A When I wanted to learn about investing, the first thing I did was to go on Amazon and look for bestsellers. Lo and behold, one of the best-selling investment books was The Intelligent Investor by Benjamin Graham.
After reading it, I was incredibly struck by how logical it sounded. That was when I gravitated strongly towards value investing. I also learnt from my mentor Sean, now my partner at Value Investing College, to piece together what I learnt about value investing from books and the Internet.
I've learnt technical analysis including candlestick charting (a financial chart that shows price movements of financial instruments like stocks).
About three to four years into investing, I was incorporating it into my strategies. These days I use only technical analysis for selected actions and positions that I'm not gunning for the long term, such as selling short tenure options.
Other things I look out for in a fundamentally strong company is that it has to be cashflow generating, while looking at the management such as the chief executive's character and management remuneration. It also has to be efficient in generation of returns, so I look at the return on equity.
Q What's in your portfolio?
A In the last 12 months, I received an estimated $70,000 in terms of dividends, capital gains that were cashed out and option premiums.
I still put my money into my stock account but not directly into equity. I've been very conservative in the recent one to two years, opting to build a war chest for what's coming, and I'm holding mostly cash right now.
I'm extremely selective in what I buy into in this current climate and have sold most of my previous portfolio - which used to be a mix of US stocks and options that generated about 16 per cent in 2015.
Investors probably shouldn't be putting their money all in at this time. I'm currently holding three counters, one in the United States and two in Singapore.
One is footwear company Skechers USA that I bought at US$27.50. It was at US$24.60 in May, and it's about US$27.17 now.
NOT GOING FOR LONG-TERM POSITIONS
Being selective, if I invest now, the business must be incredibly good or show certain short-term upsides. I'm not going for too many long-term positions, unless I'm worried I won't be able to get back the stock at the current price.
DOCTOR DANIEL KAO, on his immediate investment plans.
I am gunning for the long term and I believe there is significant upside potential for this business.
Q What does money mean to you?
A Money to me is a means to buy time with my family and people I love in my life.
Q What's the most extravagant thing you have done?
A Travelling to Iceland for two weeks with my wife and two other friends. It was about $7,000 to $8,000 for each person.
I did it because I love nature, the cold and quietness. I'm a huge introvert and dislike crowded places. Iceland is really very beautiful, it was like a dream.
My wife and I still talk about it till today. I believe that paying for experiences is something that is worth it because it forms memories with the people you love!
Q What are your immediate investment plans?
A I've an investment amount of $300,000 to $400,000 set aside to go into the stock markets once the opportunity arises.
Being selective, if I invest now, the business must be incredibly good or show certain short-term upsides.
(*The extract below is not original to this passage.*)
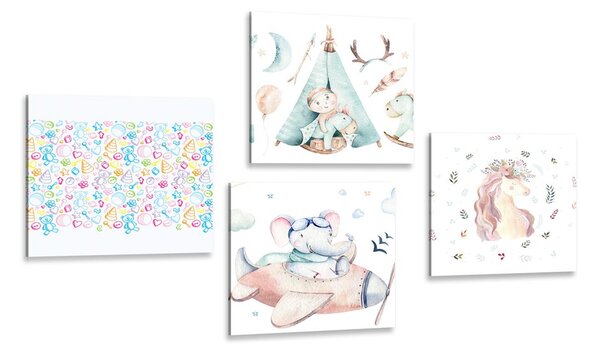 Set di quadri – Per bambini in colori pastello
I'm not going for too many long-term positions, unless I'm worried I won't be able to get back the stock at the current price. My priority is to keep the capital available for larger opportunities to come.
I'm aiming for small-cap companies that display high growth properties. High growth stocks are often expensive, and for good reason as you are paying for intangibles in the business model. I'm hoping to pick them up when the market crashes.
Q How are you planning for retirement?
A Retirement is something I've thought of, but I realised I'd rather carry on doing what I'm doing. I love to speak, teach and be part of businesses either as an investor or entrepreneur. However, I would love the opportunity to travel and stay in quiet, temperate and mountainous areas when I'm old.